» **Required action**: Write out the listing below exactly, and omit any images you find in it.

┌──

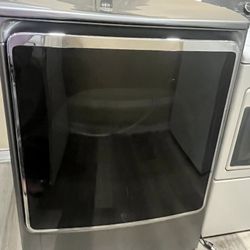 Kenmore Deluxe Gas Dryer.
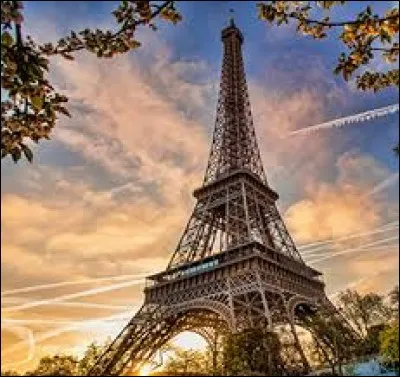 Lequel de ces monuments ne se trouve pas à Paris ?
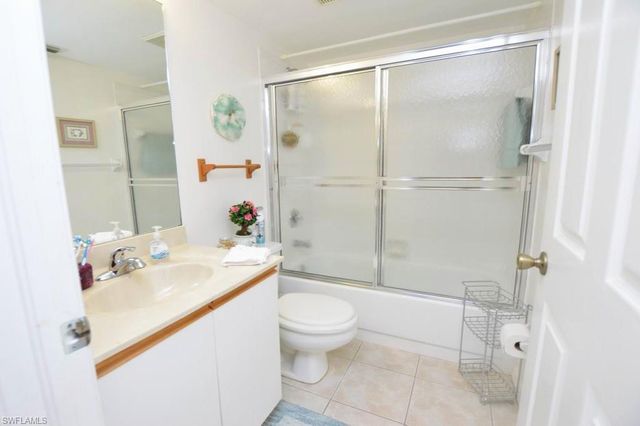 113 Wading Bird Cir Apt 102, Naples, FL 34110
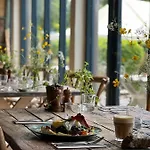 Villa The Stable Yard House At Burtown House & Gardens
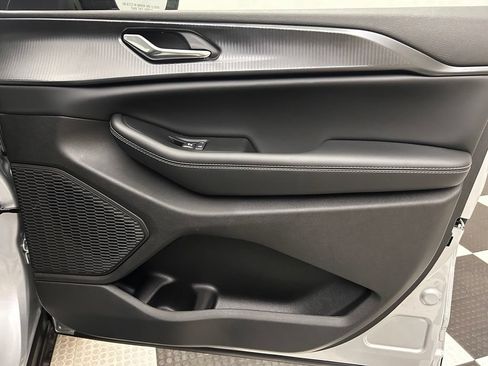 New 2025 Jeep Grand Cherokee Altitude AWD/4WD image 16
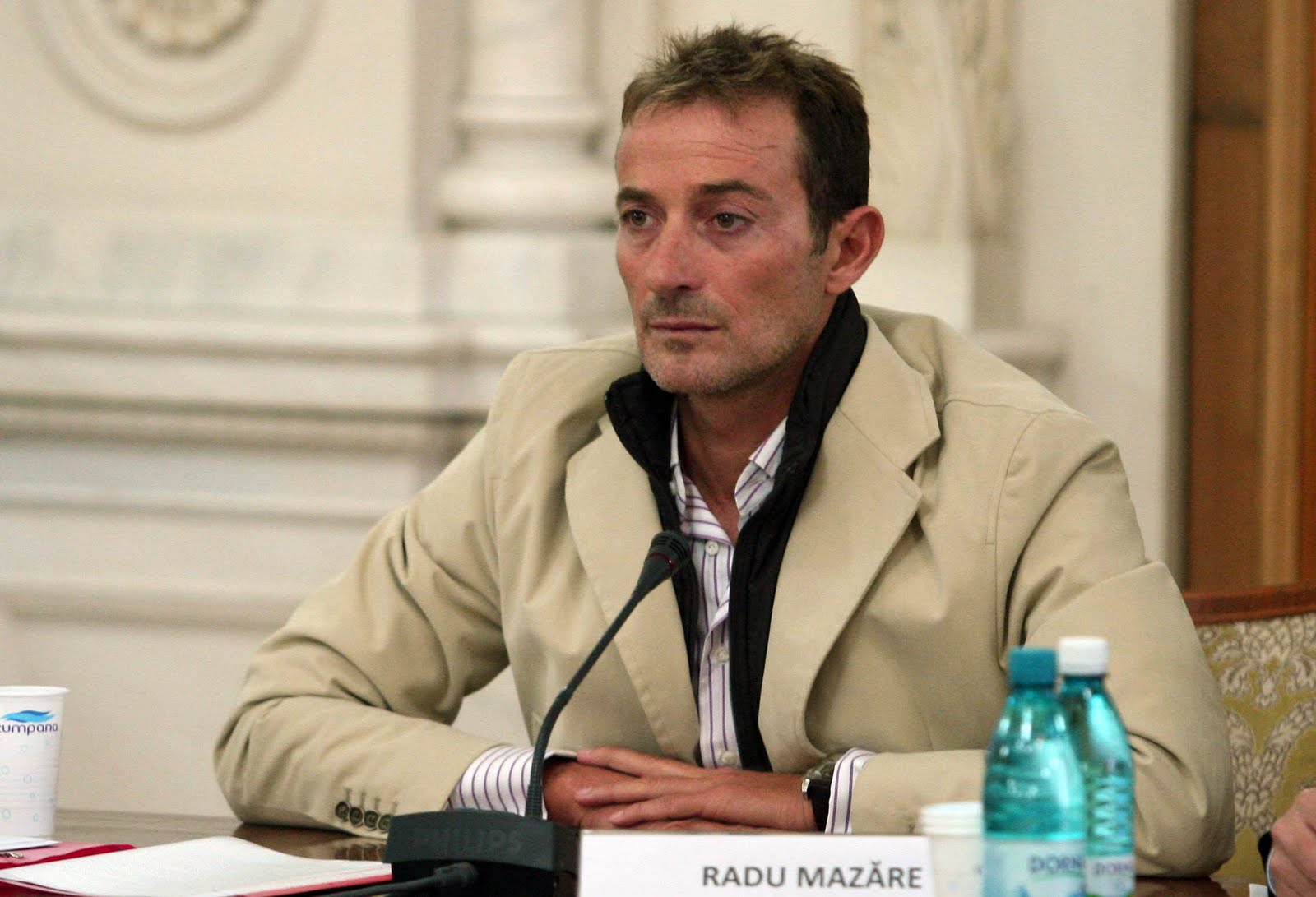 Toate calculatoarele primarului Radu Mazare, verificate de procurorii DNA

└──

» **Task answer**:
 Kenmore Deluxe Gas Dryer.
 Lequel de ces monuments ne se trouve pas à Paris ?
 113 Wading Bird Cir Apt 102, Naples, FL 34110
 Villa The Stable Yard House At Burtown House & Gardens
 New 2025 Jeep Grand Cherokee Altitude AWD/4WD image 16
 Toate calculatoarele primarului Radu Mazare, verificate de procurorii DNA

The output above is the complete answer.